春の光が水面にほどけ、池の鯉がゆっくりと泳いでいる。冬のあいだ沈んでいた体を、ようやく水の表に浮かび上がらせる。水温む頃の鯉は、驚くほど静かだ。泳ぐというより、ただ水とともに流れているように見える。
池の端へ向かうかと思えば、ふわりと身を返し、どこへ行くとも知れぬまま、ゆるやかな円を描く。迷いでもなく、目的でもなく、ただそこにある水に身を預ける。決して端にぶつかることはない。見えない力に導かれるように、ぎりぎりのところで身を翻す。
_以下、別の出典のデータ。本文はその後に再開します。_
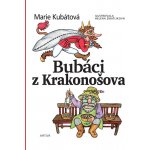 Bubáci z Krakonošova - Kubátová Marie – Hledejceny.cz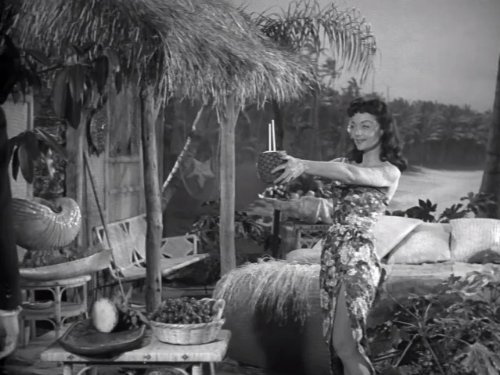 actor Barbara Baxley large photo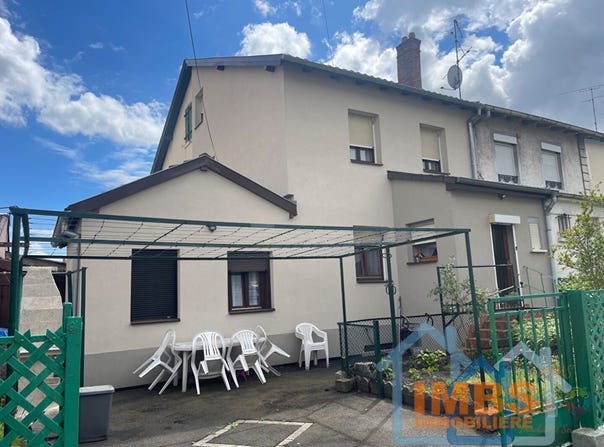 Mulhouse, Grand Est 68200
水温むという言葉は、単なる温度の変化だけを示しているのではない。硬さを失い、輪郭がほどけること。境界が曖昧になること。端と中央の違いすら消えていく、その柔らかな時間を指しているのだろう。鯉は、その時間にふさわしい泳ぎを知っている。
池の端にぶつからぬ鯉の動きに、春の息づかいが見える。迷わぬことの自由さと、どこにも行かないことの豊かさを、静かに教えられる。水は温み、鯉は泳ぐ。何も足さず、何も削らず、ただそれだけの春が、目の前に広がっていた。